Demolition of the Former Crompton & Knowles Factory Complex at 95 Grand St. is Presently Underway, is the Historic Junction Shops Next on the Demo List? (Image from T&G)
Both the federal government and the Commonwealth of Massachusetts award tax credits to property developers who agree to preserve and/or restore designated historic buildings such as the Junction Shops. The National Park Service (NPS) administers the program in partnership with the IRS at the federal level and the Massachusetts Historical Commission (MHC) in partnership with the MA Department of Revenue administer the program in MA. In both cases the tax credit is equal to as much as 20% of the total costs spent on the historic building (anything spent on the building counts - windows, roofs, electrical and heating systems, etc., all count, but things outside of the historic building, such as a new addition or the cost for the parking lot do not count) and the design is subject to MHC and NPS review and approval both before and following completion of construction.

The federal credit is "automatic." In other words, if you satisfy the design requirements, you automatically earn a federal tax credit equal to 20% of your total actual costs spent on the historic building. For the MA credit, in addition to satisfying the design requirements, you must request an allocation of credits in order to earn the credits. For example, let's say you have a project with $10MM in qualifying costs which at 20% means you could potentially get a credit equal to $2,000,000. However, if MHC has only allocated your project $500,000 in credits, that's the maximum amount your project can use. MHC awards $50MM in credits annually, and applications are accepted three times a year.
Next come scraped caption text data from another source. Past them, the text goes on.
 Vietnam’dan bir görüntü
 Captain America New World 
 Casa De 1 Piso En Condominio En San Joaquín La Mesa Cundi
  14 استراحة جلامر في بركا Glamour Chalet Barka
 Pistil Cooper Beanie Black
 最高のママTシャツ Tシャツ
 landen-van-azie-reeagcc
Once your project has earned the credits, your almost there, the final step is to convert those credits into cash you can use to pay for the project's expenses. In bigger projects where the credits can climb into the millions of dollars, the typical arrangement is for the property developer to partner with a tax credit investor who agrees to "buy" the credits in exchange for cash. Typical buyers include large insurance companies such as UNUM and AEGON, and national banks such as Bank of America and others. Now these investors buy these credits at a discount, say $0.85 for every dollar worth of credits, so a project that generates $2,000,000 in credits will yield $1,700,000 that can ultimately be put towards the cost of the project. Yes, I know it's complicated. But when we are considering a net cash infusion of as much as $1.7MM into a $10MM plus project, it's well worth the hassles.

Following the above process, here's the math for the Junction Shops:
  • The building is approximately 200,000 SF in size. Let's say hard costs (i.e., just construction costs) to rehabilitate the building are $150 per square foot plus an additional 20% of that number, $30 per square foot, for soft costs (i.e., lawyers, permits, taxes, insurance and interest during construction, etc) resulting in a total cost of $180 per square foot or $36MM.
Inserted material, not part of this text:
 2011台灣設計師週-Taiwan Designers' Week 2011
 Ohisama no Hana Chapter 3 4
  • Of that $36MM, let's say 90% of that number, or $32.4MM, is for costs related to the historic building and not additions, parking lots, etc.
  • Both the MA (for the purposes of this exercise let's assume we get a full 20% allocation from MHC) and federal credit are then calculated at 20% of this number or $6.48MM each or a total of $12.96MM in state and federal tax credits.
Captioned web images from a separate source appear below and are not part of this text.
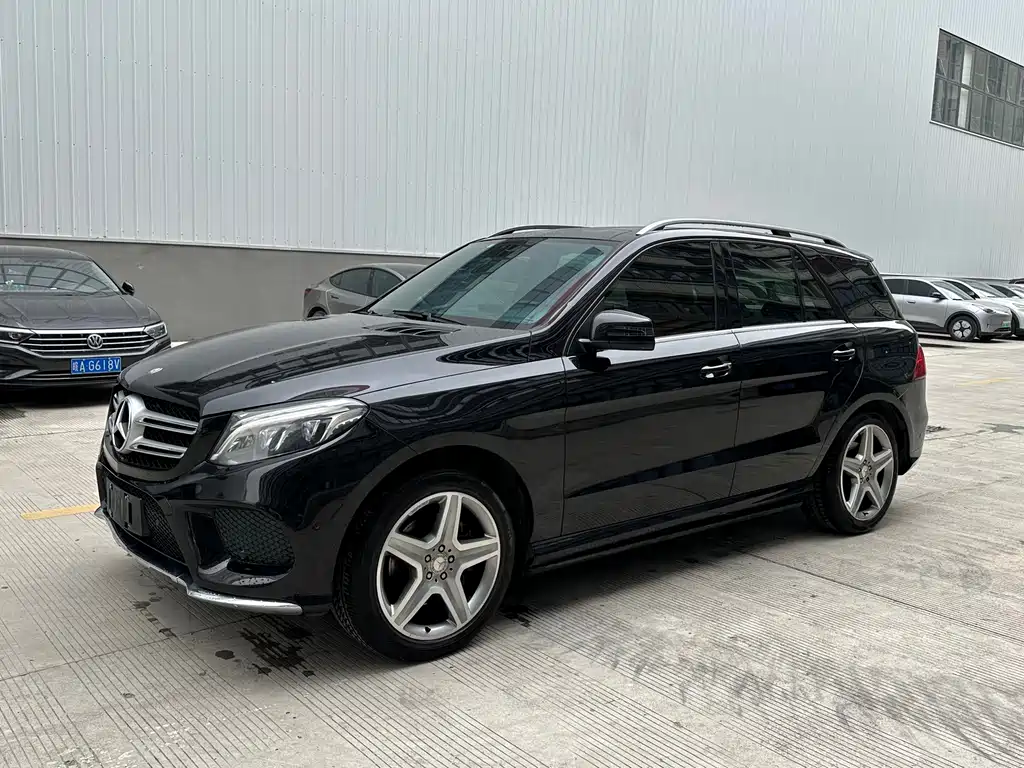 Mercedes-Benz 奔驰GLE(进口) 2016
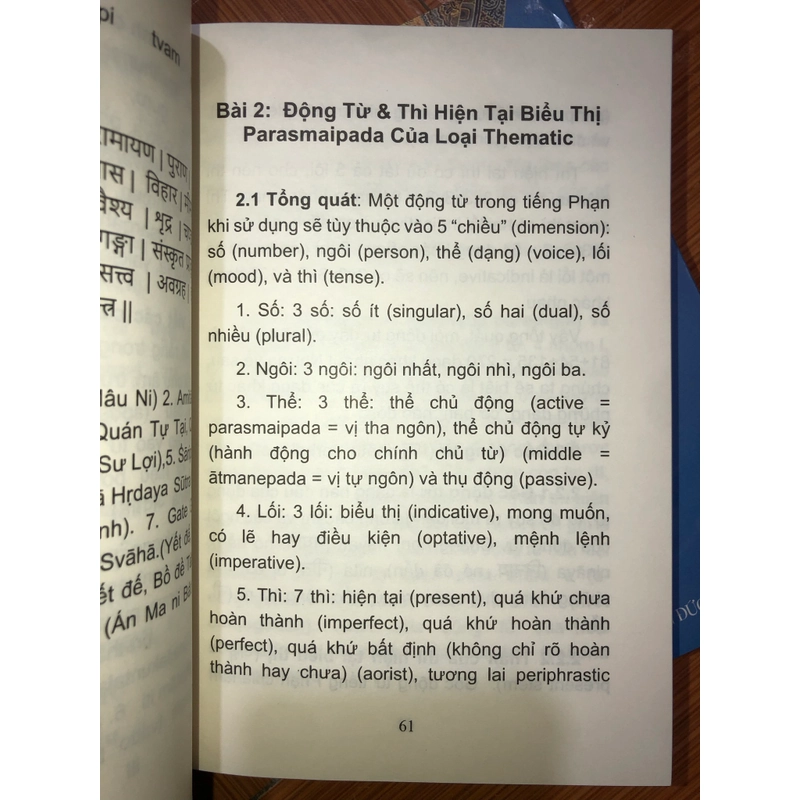 Tự học tiếng Phạn  541169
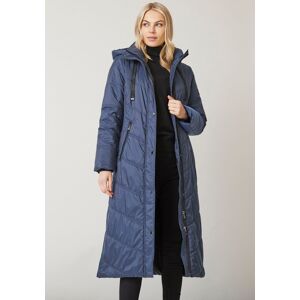 Junge Danmark Winterjacke »Ina«, mit Kapuze midnight blue  50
  • Finally, we need to convert these credits into equity that we can use to pay project costs. Let's assume our investor, Acme Corporation, fresh off a banner year selling rocket powered jet packs to cartoon coyotes all across the west is facing a large tax liability. They agree to buy our credits for $0.85 per $1.00 of credit, which means they pay less in taxes and we realize about $11MM in equity that we can use to help cover project costs.
Assuming we paid $1MM for the property, that $11MM in equity will pay for 30% of the total development costs for this project, not a bad start in my book! That is, of course, assuming the building is still around to be redeveloped.